Em dias normais, quando o almoço acontece nos gabinetes, os copeiros transportam os pratos da cozinha até as salas das autoridades nos pastrus, equipamento capaz de manter o alimento quente por períodos mais longos. Em eventos oficiais, com a presença de autoridades ou comitivas, as refeições são servidas no salão Petit Comité, no segundo andar, com vista ampla para a Praça Nossa Senhora de Salete e praticamente toda a extensão da avenida Cândido de Abreu, no Centro Cívico. Dependendo da quantidade de participantes, o almoço ou jantar pode ser servido à francesa, com o prato já montado, ou à inglesa, no formato buffet, e em outro espaço, no Salão Nobre ou no Salão de Atos, ambos no segundo piso.
Todo o projeto arquitetônico do salão foi mantido ao longo dos 70 anos de atividades do Palácio Iguaçu. O espaço reflete a arquitetura modernista idealizada pelo arquiteto David Azambuja, considerada uma das pioneiras no estilo no Brasil dos anos 1950.

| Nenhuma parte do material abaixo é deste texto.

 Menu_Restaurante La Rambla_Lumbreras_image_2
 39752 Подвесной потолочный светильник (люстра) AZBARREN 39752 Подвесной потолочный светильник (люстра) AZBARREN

Jantar de inauguração e baile de gala
O primeiro jantar no palácio, realizado em 18 de dezembro de 1954, recebeu a visita do presidente da República, Café Filho, que assumiu o cargo em agosto daquele ano após o suicídio de Getúlio Vargas. Ministros, o arcebispo metropolitano, Dom Manoel Silveira D'Elboux, o então governador do estado, Munhoz da Rocha, deputados e senadores, representantes do judiciário e militares estavam entre os convidados. Juscelino Kubitschek, à época governador de Minas Gerais, também compareceu ao jantar, que foi seguido de baile de gala e, então, a inauguração oficial do Iguaçu, que aconteceu já à meia-noite do dia 19.
O menu do jantar, escolhido pela primeira-dama, Flora Camargo Munhoz da Rocha, que também cuidou da decoração do Palácio, contou com alimentos e frutas com origem nas principais cidades do Paraná. Melão com presunto homenageou Guarapuava; o peixe com camarão veio de Paranaguá; o rosbife com legumes, de Ponta Grossa; cascata de morangos vindos de Foz do Iguaçu; uvas, da Lapa e o café, de origem em Londrina. Para a sobremesa, uvas e doces típicos foram "distribuídos por elegantes moças vestidas com trajes característicos das etnias paranaenses", registra o livro Palácio do Iguaçu: Coragem de Realizar de Bento Munhoz da Rocha Netto, do historiador Jair Elias dos Santos Júnior.
Ainda de acordo com a obra, que conta a história do edifício, para evitar que os pirex não deslizassem das mãos dos garçons, que usavam luvas, Flora criou um suporte que inspirou também a criação de cestinhas de vime. A primeira-dama planejou ainda os dólmãs vermelhos utilizados pelos garçons no serviço.
Churrasco e caipirinha com vencedor do Oscar
Entre presidentes da República - a lista inclui Fernando Henrique, Lula, Michel Temer e Jair Bolsonaro - e demais autoridades nacionais e internacionais, a cozinha do Palácio já atendeu também um vencedor do Oscar. Em 1998, o ator norte-americano Anthony Quinn passou meses em Curitiba durante as filmagens de Oriundi, longa-metragem do diretor brasileiro Ricardo Bravo rodado na cidade. O almoço com o ator aconteceu no Chapéu Pensador, no Bosque da Copel, no Bigorrilho. O cardápio foi tipicamente brasileiro: churrasco e caipirinha.